Sparse weight is a common inductive bias and has many successful use cases in deep learning:

- As the building block of a convolutional neural network, convolution could be represented as a sparse matrix multiplication with a Toeplitz weight matrix [2].
- Depthwise and pointwise convolution [3] could be viewed as a regular convolution with CP decomposition weight tensor.

The sparsity pattern in the above two examples is deterministic and hand-designed. In recent years, people are exploring methods to design arbitrary and even learnable sparsity pattern. In the particular field of convolutional neural networks, the research trend brings us two problems.

- How to train a sparse convolutional neural network
- How to implement an efficient sparse convolution computing device

This paper focuses on the first problem.

# Method

The most popular method to train a sparse neural network is pruning [4], which trains a dense network (network with sparsity level of 1.) initially and then gradually prunes weights to zero and approaches the target level of sparsity at the end. This method works well, but it limits the sparse network’s size to less than the dense network size.

This paper proposes to train the sparse network with the target level of sparsity and random initialized sparse connections from the very beginning. Suppose we use this method to train a network with a sparsity level of 0.9; the sparse network can be ten times larger than the dense one.

However, a network with random sparse connections is unlikely to be the lottery [5] and pruned to local optimal.

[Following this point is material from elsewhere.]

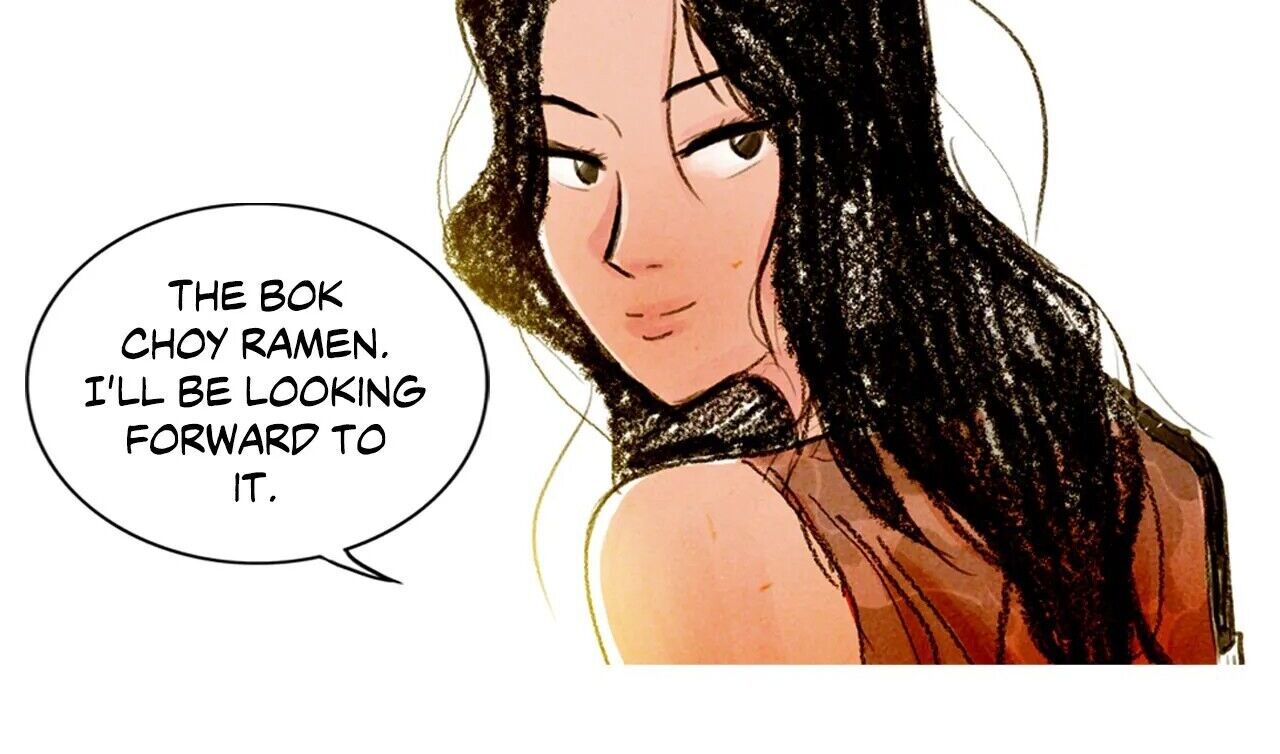 Delicious Chapter 8 image 28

The paper proposes to jumps out of those local optimal by dropping weak connections and form new connections periodically while maintaining the overall sparsity rate.

Under the main idea, some details of this method are listed below:

- The method forms the new connections by selecting the zero weights with the largest gradients at that current batch (instantaneous gradient information).
- The authors also find that zero initialization for the newly formed connection brings the best result.
- They use cosine annealing to decay the fraction of updated connections each time.
- Given a certain overall sparsity level, they find that the sparsity level is beneficial to be proportional to each layer’s number of connections (make small layer denser and large layer more sparse).

# Result

Experiments on image classification and language modeling are conducted to verify the method to be effective. These experiments show that a sparse network trained using the new method outperforms a dense one with equal FLOPs by a considerable margin consistently.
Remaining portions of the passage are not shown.